Directions
Go through the data below and copy each line where the word "that" occurs.
*** Data extract Section Begins ***
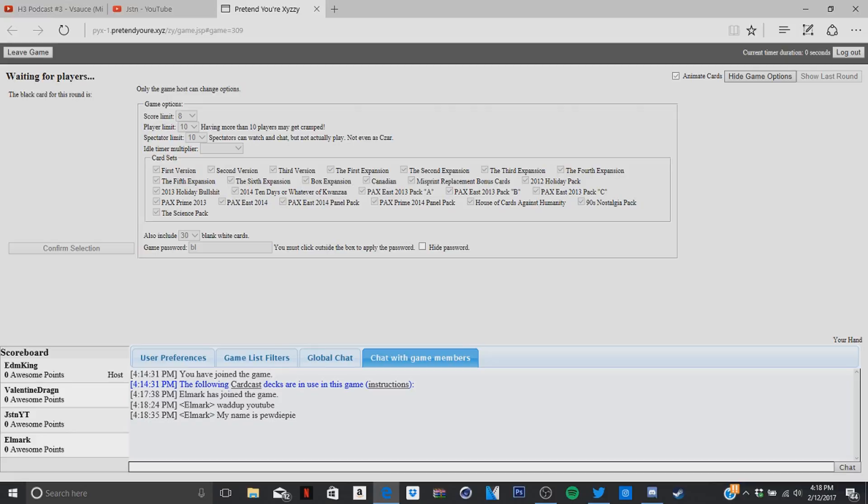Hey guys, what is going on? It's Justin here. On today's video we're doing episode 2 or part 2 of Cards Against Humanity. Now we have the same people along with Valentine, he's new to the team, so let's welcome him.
*** Data extract Section Ends ***
*** Data extract Section Begins ***
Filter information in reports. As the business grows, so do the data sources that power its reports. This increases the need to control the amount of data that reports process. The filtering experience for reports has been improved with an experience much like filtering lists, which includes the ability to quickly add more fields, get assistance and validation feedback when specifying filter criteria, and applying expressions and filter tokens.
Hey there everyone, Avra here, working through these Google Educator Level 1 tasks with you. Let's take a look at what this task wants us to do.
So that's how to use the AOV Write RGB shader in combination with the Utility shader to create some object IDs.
*** Data extract Section Ends ***
*** Data extract Section Begins ***
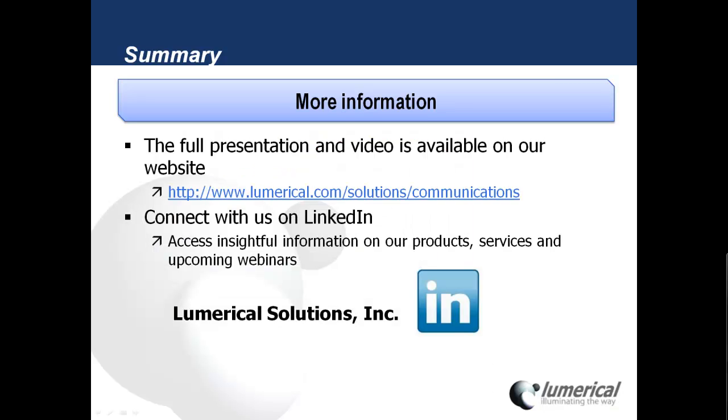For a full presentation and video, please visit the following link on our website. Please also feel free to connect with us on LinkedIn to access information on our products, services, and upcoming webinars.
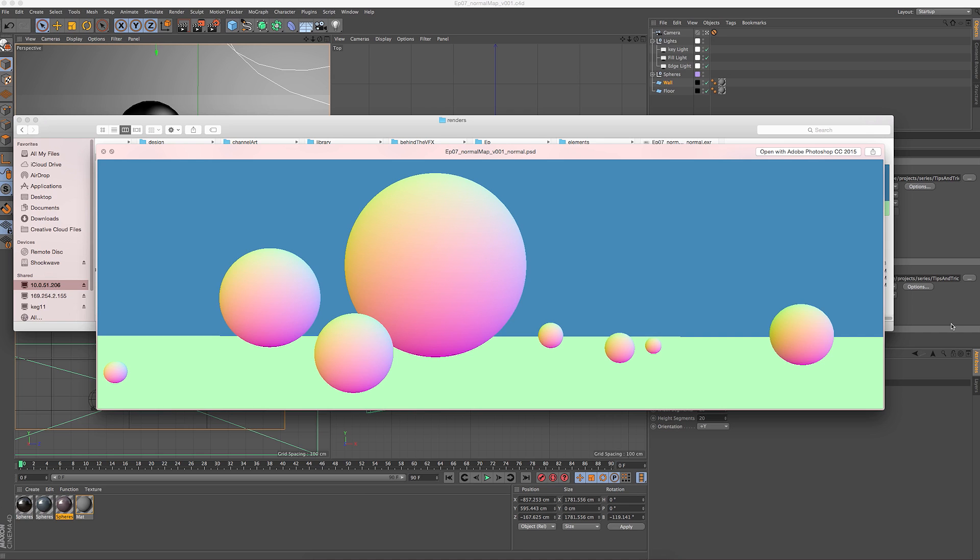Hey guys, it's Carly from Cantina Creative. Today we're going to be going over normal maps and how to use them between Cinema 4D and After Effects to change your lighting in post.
*** Data extract Section Ends ***
Task response
Filter information in reports. As the business grows, so do the data sources that power its reports. This increases the need to control the amount of data that reports process. The filtering experience for reports has been improved with an experience much like filtering lists, which includes the ability to quickly add more fields, get assistance and validation feedback when specifying filter criteria, and applying expressions and filter tokens.
So that's how to use the AOV Write RGB shader in combination with the Utility shader to create some object IDs.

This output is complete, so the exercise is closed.